Rolling deployments are also operationally simple. Because they are the default strategy in Kubernetes and most orchestration platforms, teams do not need to set up additional infrastructure or tooling. A well-configured rolling deployment with proper health checks provides reliable, zero-downtime releases out of the box.

Best Practices

• Implement robust health checks. Health checks are the foundation of safe rolling deployments. A readiness probe should verify that the application is fully initialized and ready to serve traffic — not just that the process is running. Check database connectivity, cache warmth, and dependency availability in the readiness probe.

• Ensure backward compatibility. During a rolling deployment, both the old and new versions serve traffic simultaneously. API changes, database schema modifications, and message format changes must be backward-compatible. Use versioned APIs and expand-and-contract migration patterns to maintain compatibility.

• Handle graceful shutdown. When an old instance is terminated, it should stop accepting new requests, finish processing in-flight requests, and then exit cleanly. Configure appropriate termination grace periods and ensure the application handles SIGTERM signals correctly.

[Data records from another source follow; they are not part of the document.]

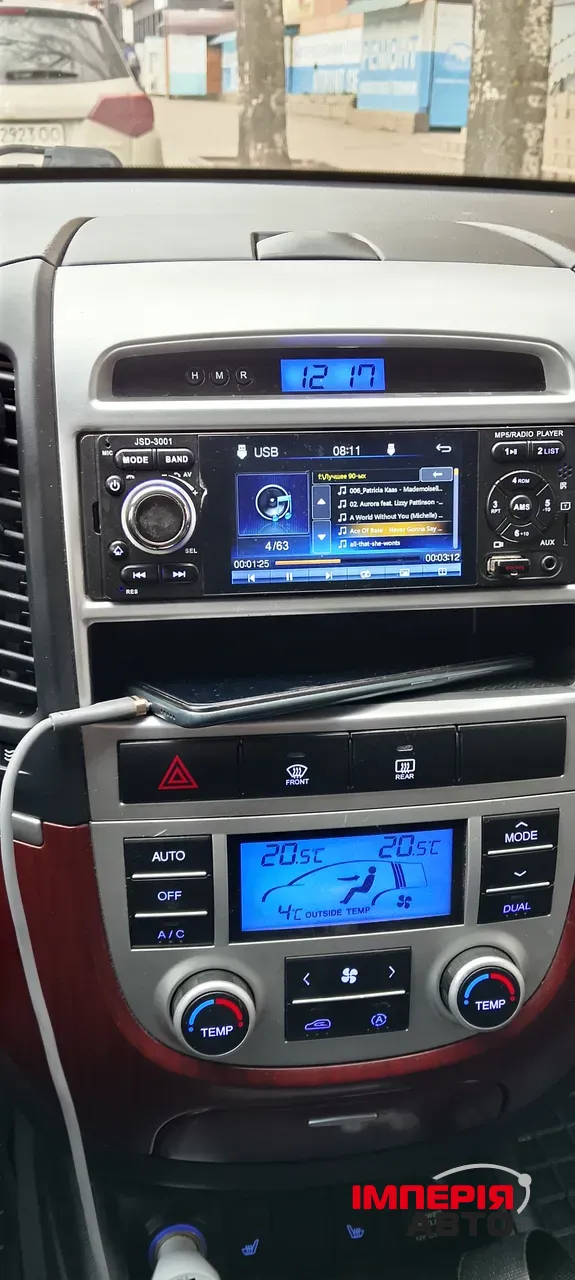 Hyundai Santa Fe - фото 3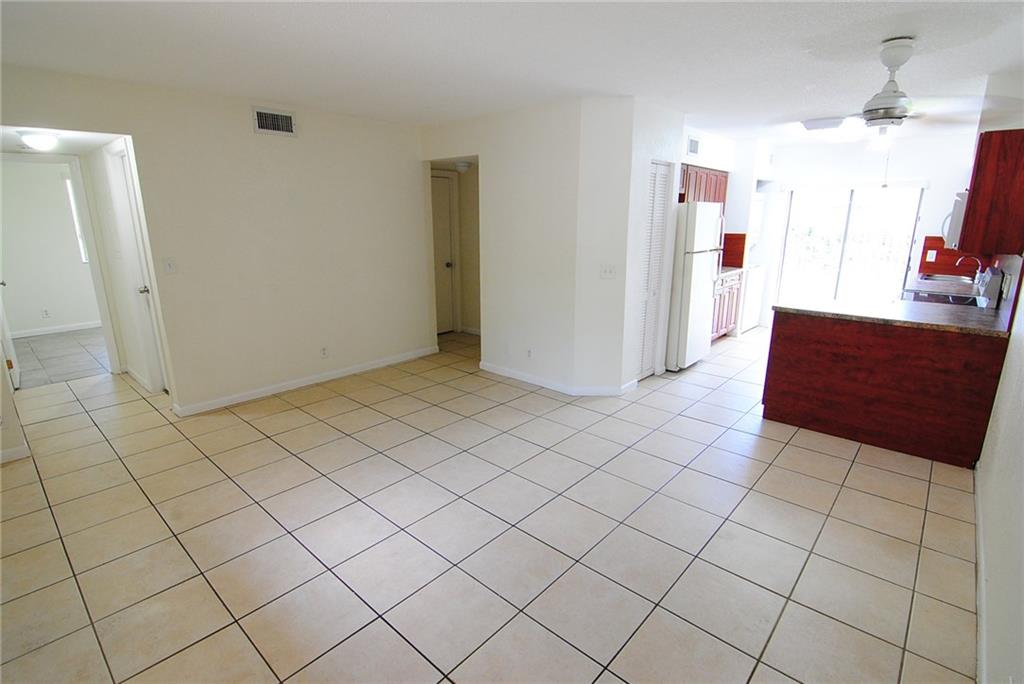 Coral Spgs University Dri - Residential Lease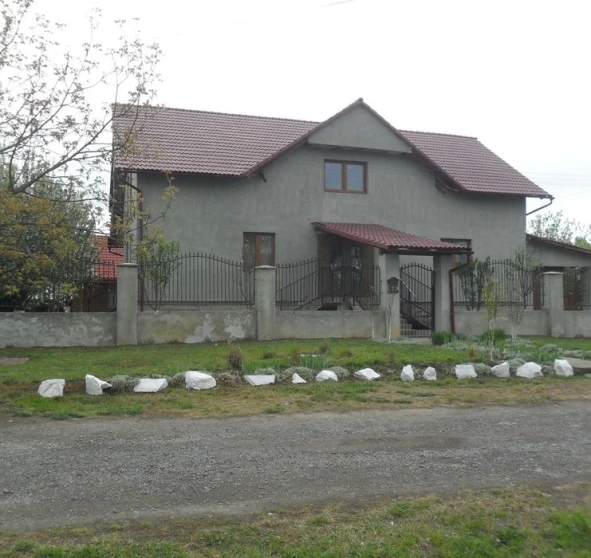 Photo 1. House, for sale. Chop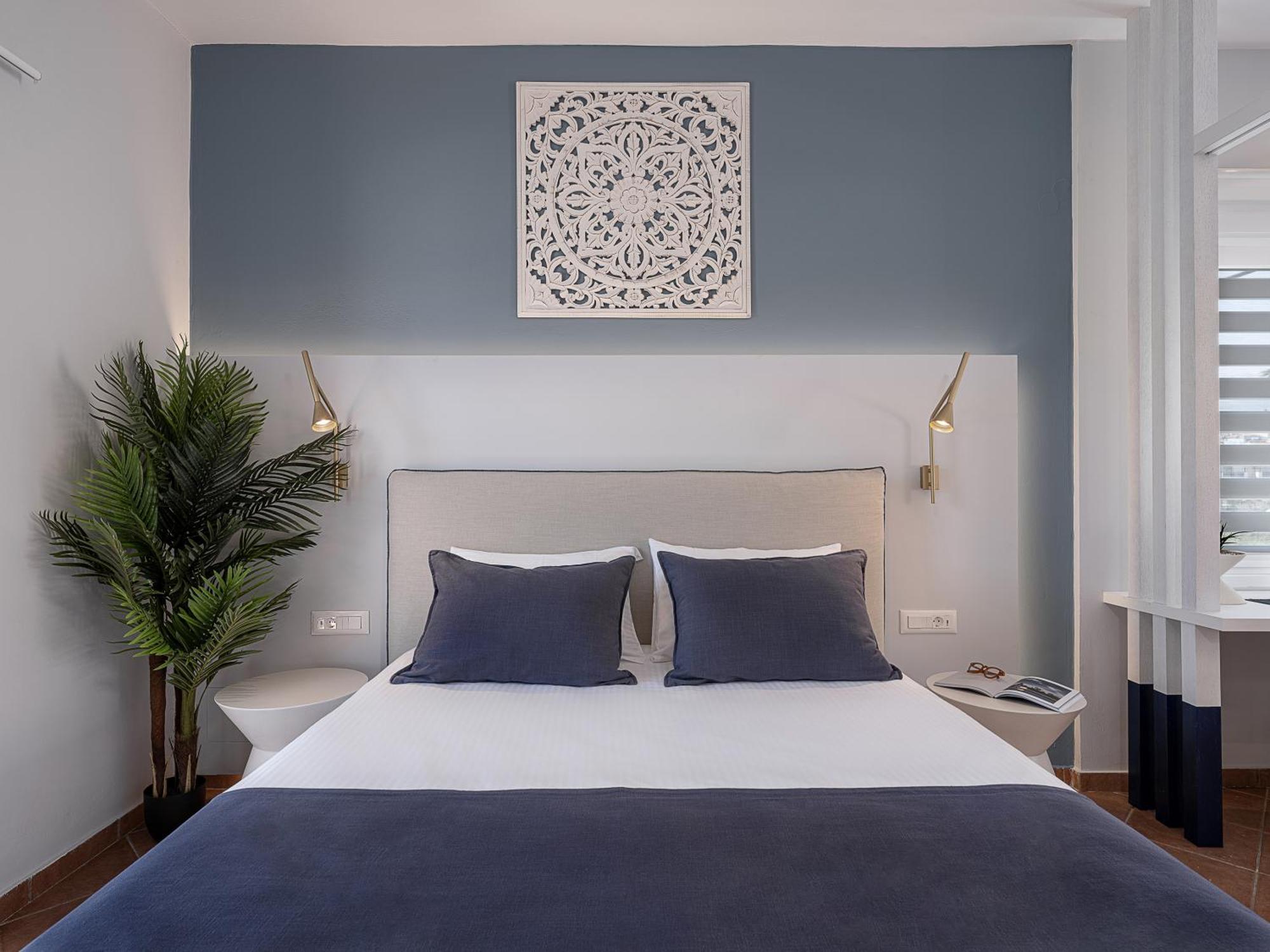 Elena Seafront Luxury Apartments Almirida Eksteriør billede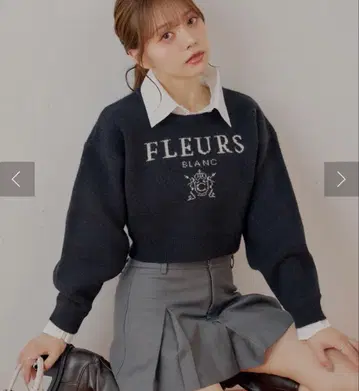 Chico 옷깃 탈부착 로고 자카드 숏 니트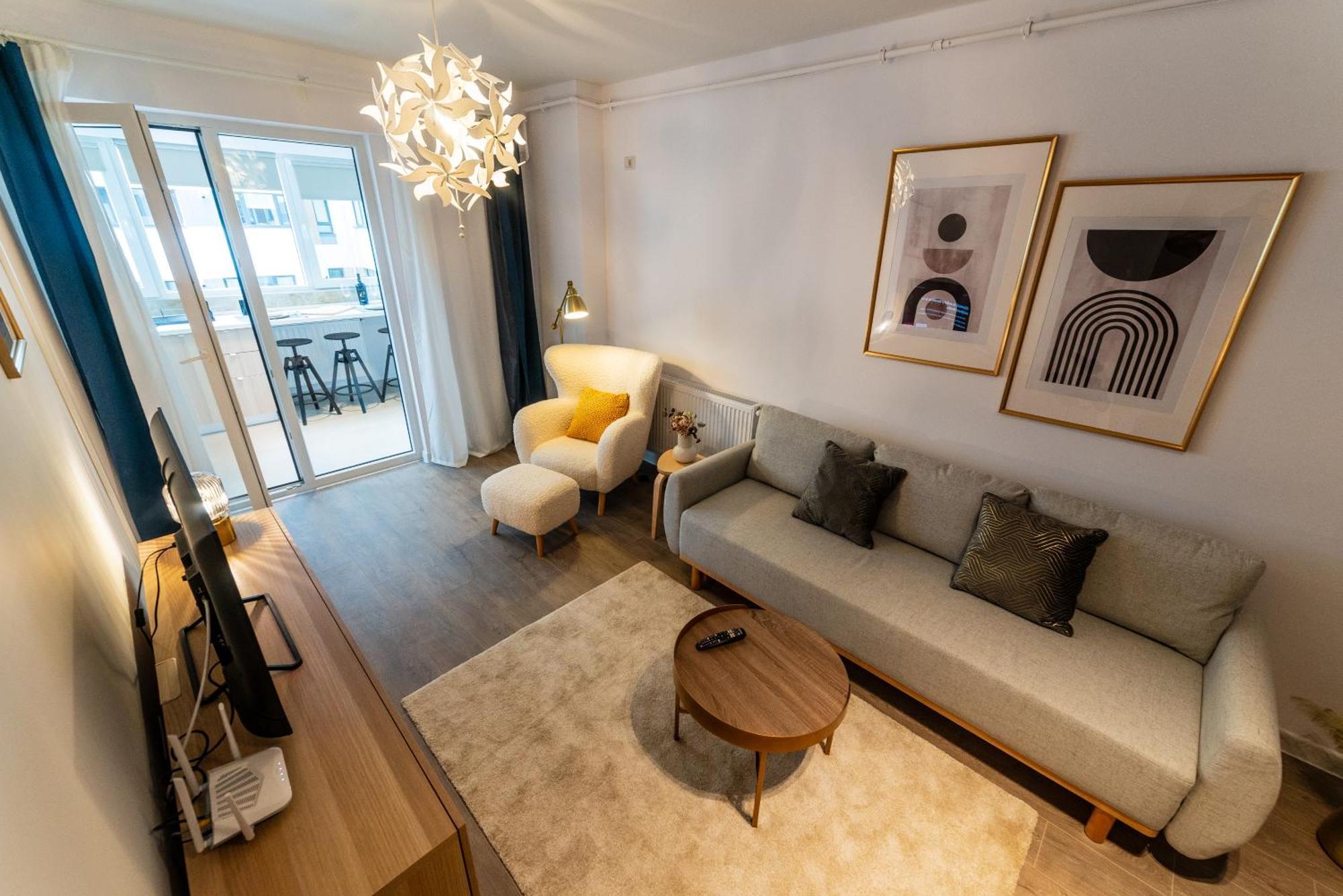 212, B4 Apartment *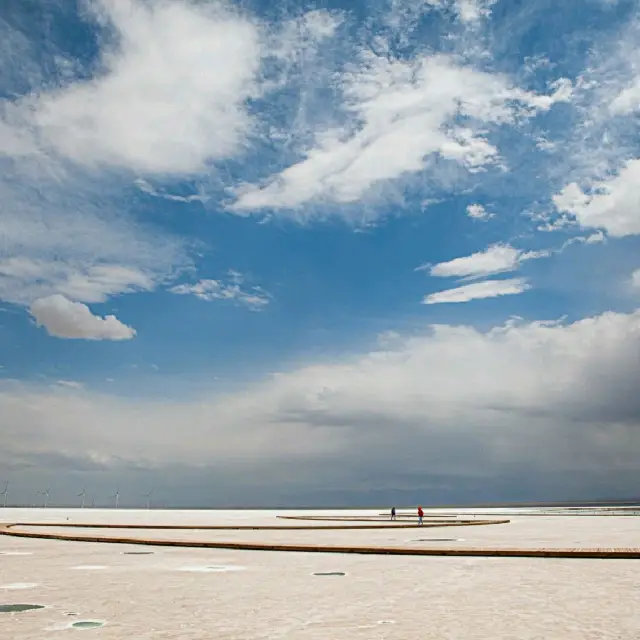 Qinghai's Chaka Salt Lake Is outstanding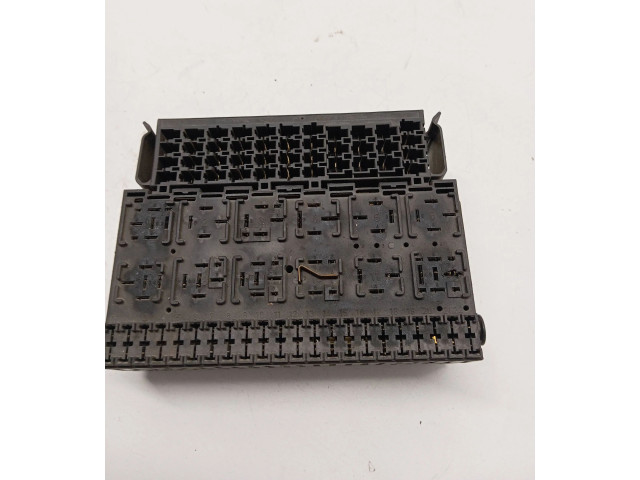 Блок предохранителей  357937039   Volkswagen Transporter - Caravelle T4    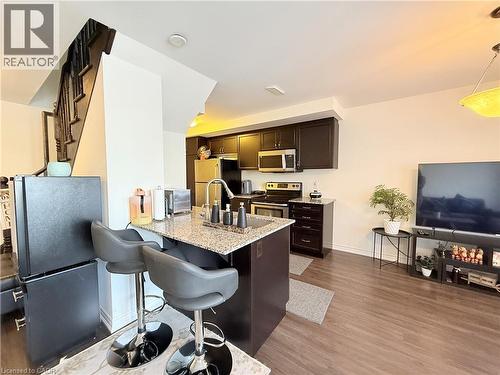 922 Apple Hill Lane, Kitchener, ON - Indoor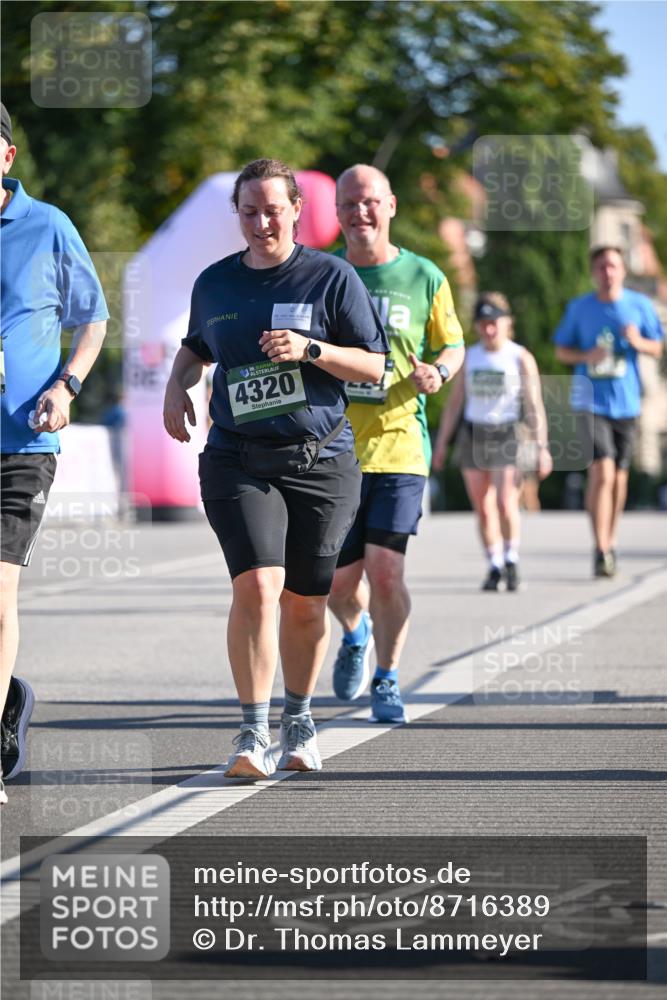 07.09.2025 - BARMER Alsterlauf Dr. Thomas Lammeyer http://msf.ph/oto/8716389 07.09.2025 09:54:56 Laufen 36, 4320 meine-sportfotos.de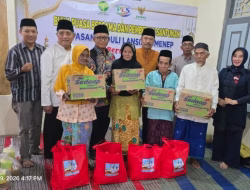 Dirut BPRS Gandeng Mantan Sekda Sumenep, Berbagi Kebahagiaan dengan Lansia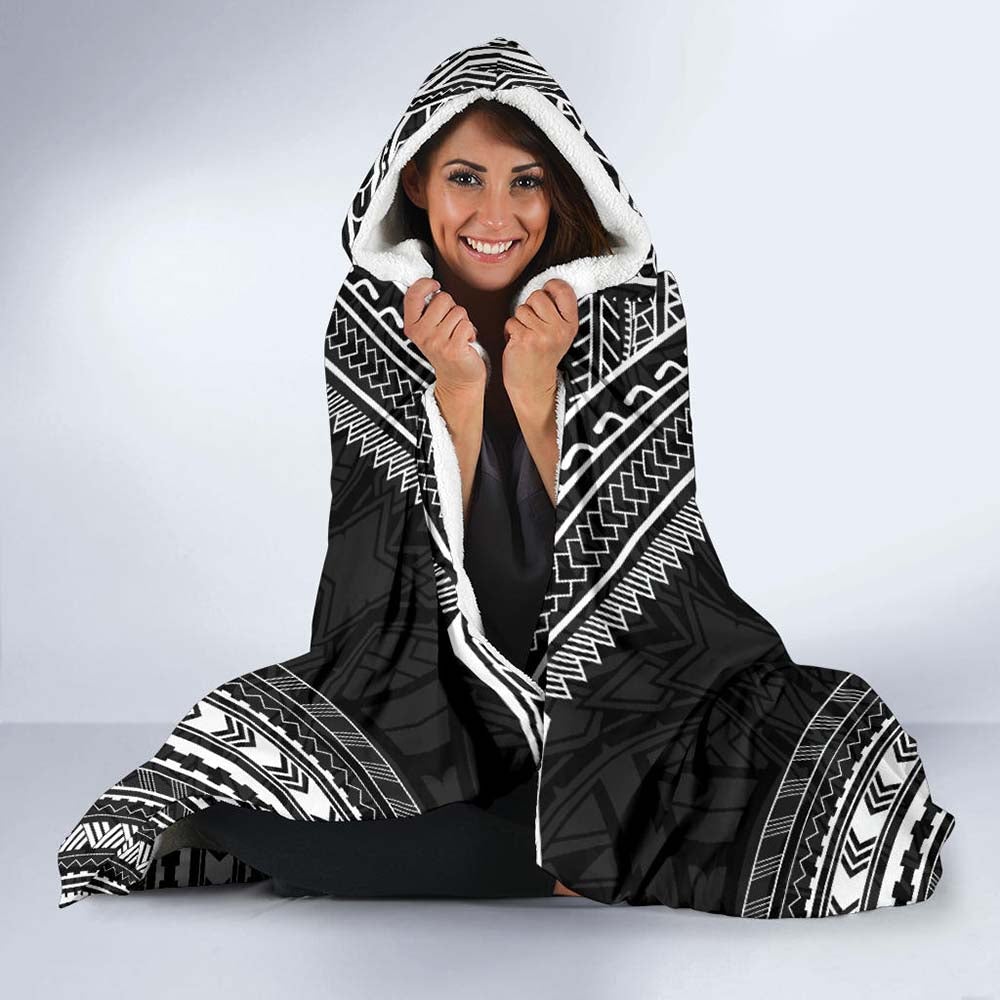 Chuuk Polynesian Chief Hooded Blanket - Black Version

• Set appropriate update parameters. Choose maxSurge and maxUnavailable values based on your application’s characteristics. Stateless web services can tolerate aggressive rollouts. Stateful services or those with long startup times need more conservative settings.

• Monitor during rollout. Watch error rates, latency, and resource utilization during the rollout window. Set up alerts that trigger if metrics degrade, and be prepared to pause or rollback the deployment. Use kubectl rollout pause and kubectl rollout undo to control the process.

Common Mistakes

• Skipping readiness probes. Without readiness probes, the load balancer may route traffic to instances that are still starting up, causing errors for users. Every application in a rolling deployment must have a readiness probe that accurately reflects when the instance is ready to serve traffic. A simple TCP check is rarely sufficient — use HTTP health endpoints that verify application-level readiness.

• Breaking backward compatibility. Renaming a database column, changing an API response format, or modifying a message schema without maintaining backward compatibility will cause errors when the old and new versions coexist. Plan schema and API changes as multi-step processes: add the new format, deploy code that handles both, remove the old format.

• Setting termination grace periods too short. If the grace period is shorter than the time needed to complete in-flight requests, those requests will be terminated mid-processing, causing errors and data inconsistencies. Measure your application’s longest typical request duration and set the grace period accordingly, with a comfortable margin.